The present disclosure relates to the field of display technology, in particular to a light emitting substrate and a manufacturing method thereof, a light emitting device and a manufacturing method thereof.

BACKGROUND

An OLED light emitting structure is a self-luminous structure without a backlight, which can remarkably reduce power consumption compared with other light emitting structures.

In a conventional design for the OLED light emitting structure, generally, it is required to provide a first ITO structure (a structure made of indium tin oxide materials) as an anode in a light emitting region, and two second ITO structures are provided at both sides of the light emitting region, which are not coupled to the first ITO structure. The two second ITO structures are coupled to a cathode of the OLED in a peripheral region around the light emitting region, and are coupled to a peripheral flexible printed circuit board (FPC) via cathode wires provided at the peripheral region. At present, three array masks, which are used to manufacture the anode, an auxiliary anode and a pixel defining layer (PDL), respectively, are generally required for manufacturing the above OLED light emitting structure.

SUMMARY

The present disclosure provides a light emitting substrate and a manufacturing method thereof, a light emitting device and a manufacturing method thereof.

In an aspect, the present disclosure provides a manufacturing method of a light emitting substrate, comprising steps of: forming a first electrode layer on one surface of a base substrate by one patterning process; forming a metal layer on the base substrate on which the first electrode layer has been formed by one patterning process, wherein the metal layer comprises a first metal layer which is formed on a surface of the first electrode layer away from the base substrate and a second metal layer which is formed on the one surface of the base substrate and separated from the first electrode layer; forming a light emitting layer on a surface of the first metal layer away from the base substrate; and forming a second electrode layer on the base substrate on which the light emitting layer has been formed, the second electrode layer is formed on a surface of the light emitting layer away from the base substrate and on a surface of the second metal layer away from the base substrate.

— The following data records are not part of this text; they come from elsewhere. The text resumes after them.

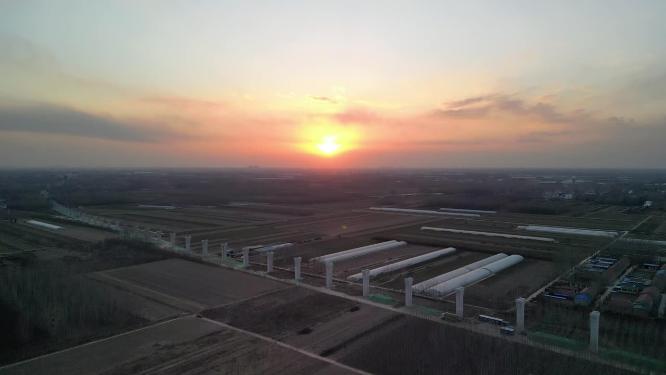 4K北方冬天建设中的高架桥与夕阳日落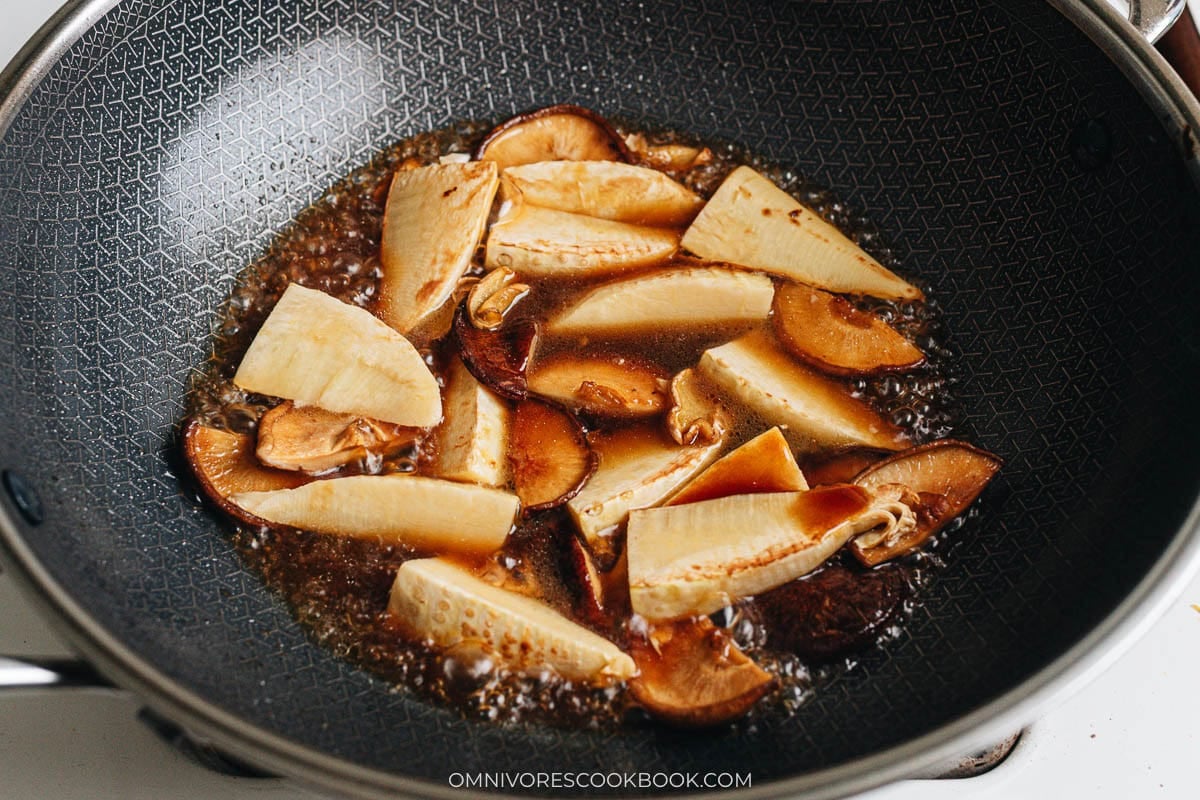 Bamboo shoots and shiitake mushrooms braising in soy based sauce
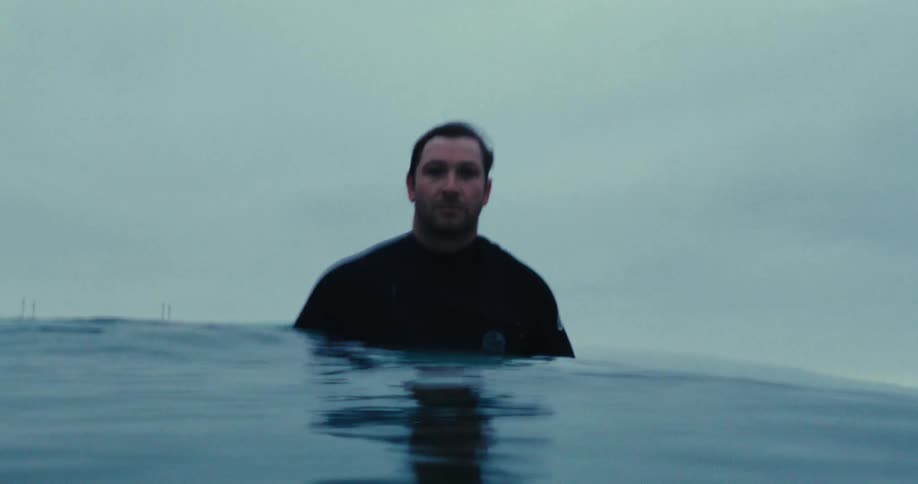 A surfer floats on the ocean under an overcast sky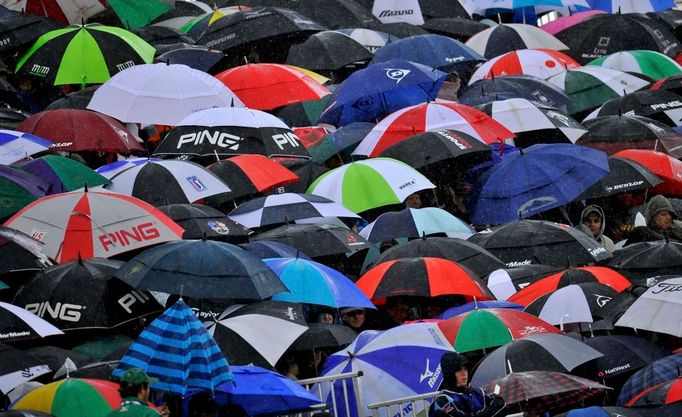 Návštěvníci golfového turnaje British Open se schovávají pod deštníky, zatímco sledují hru u osmnácté jamky. Jižní Anglie, hřiště Royal St George's v Sandwichi.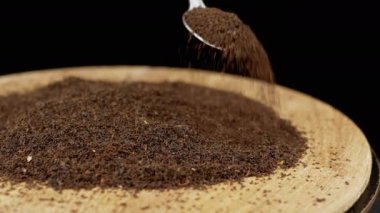 El, Yüzeydeki Çay Yığını Üzerine Bir Kaşıktan Dökülen Kurutulmuş Kara Çay Yaprakları. Siyah arka plan. Uzayı kopyala Kuru çay bolluğu. Şifalı bitki. Hareket. İçelim. Soyut. Doku. Tahta tabak..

In an embodiment of the present disclosure, the first electrode layer is formed on one surface of the base substrate by using an open mask; and the metal layer is formed on the base substrate on which the first electrode layer has been formed by using an array mask.

In an embodiment of the present disclosure, the first metal layer is formed as an auxiliary anode for the first electrode layer.

In an embodiment of the present disclosure, the step of forming a metal layer on the base substrate comprises a step of forming two second metal layers on the base substrate at opposite sides of the first electrode layer.

In an embodiment of the present disclosure, the second electrode layer is formed on the base substrate on which the light emitting layer has been formed by using an open mask.

In an embodiment of the present disclosure, the open masks used to form the first electrode layer and the second electrode layer are masks with regular patterns.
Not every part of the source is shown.